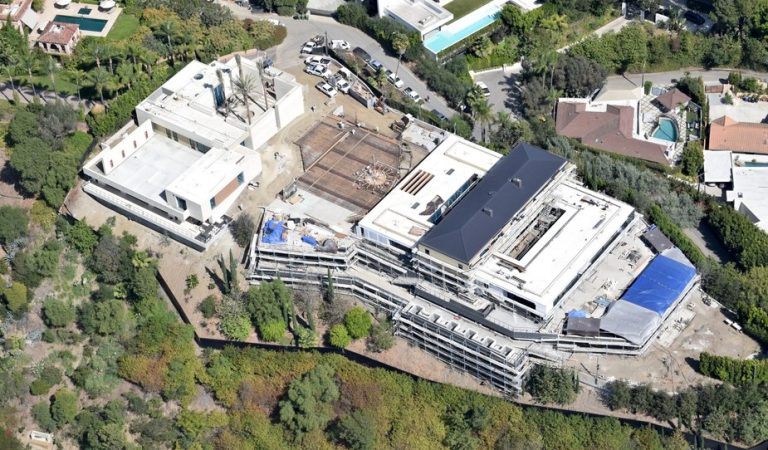 LeBron James Expands His $37 Million Kingdom in Beverly Hills: A Closer Look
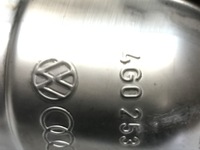 фото thumb №10, Audi a6 a7 c7 4g 2011-14 гаситель выхлоп активный 4g0253612t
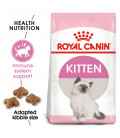 Royal Canin Feline Kitten Dry Food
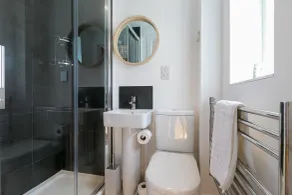 Gwel An Chapel - Salle de bain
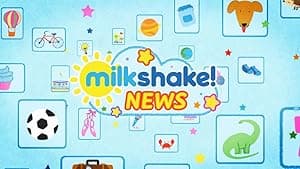 Milkshake! News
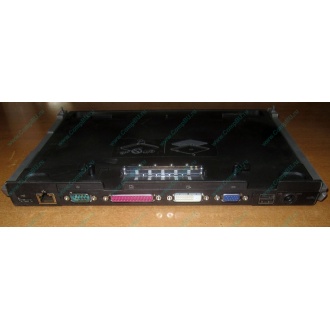 Докстанция Dell PR09S FJ282 купить Б/У в Благовещенске, порт-репликатор Dell PR09S FJ282 цена БУ (Благовещенск).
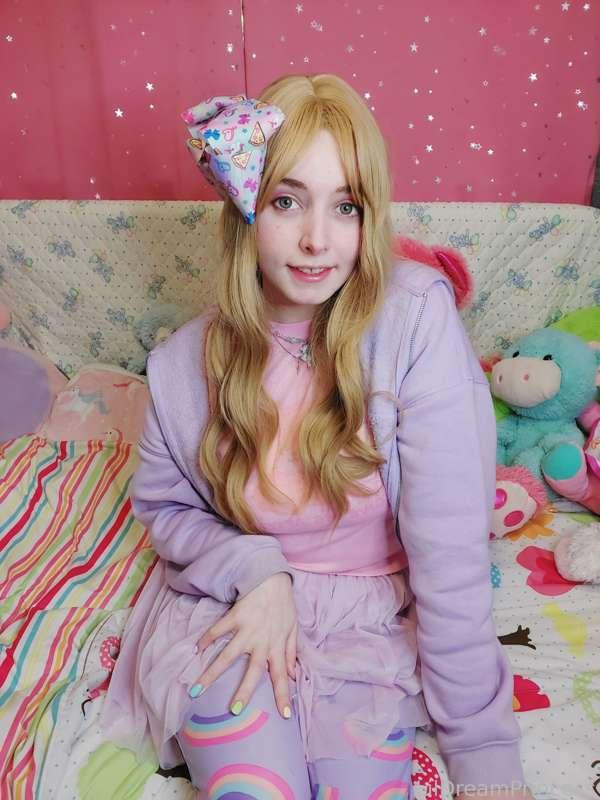 lildreamprincess image #2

- PROBLEM TO WORK ON
Please reproduce, word for word, every line from the first line of the records above through the line containing "Milkshake! News", and leave out the pictures.

- ANSWER BOX
 LeBron James Expands His $37 Million Kingdom in Beverly Hills: A Closer Look
 фото thumb №10, Audi a6 a7 c7 4g 2011-14 гаситель выхлоп активный 4g0253612t
 Royal Canin Feline Kitten Dry Food
 Gwel An Chapel - Salle de bain
 Milkshake! News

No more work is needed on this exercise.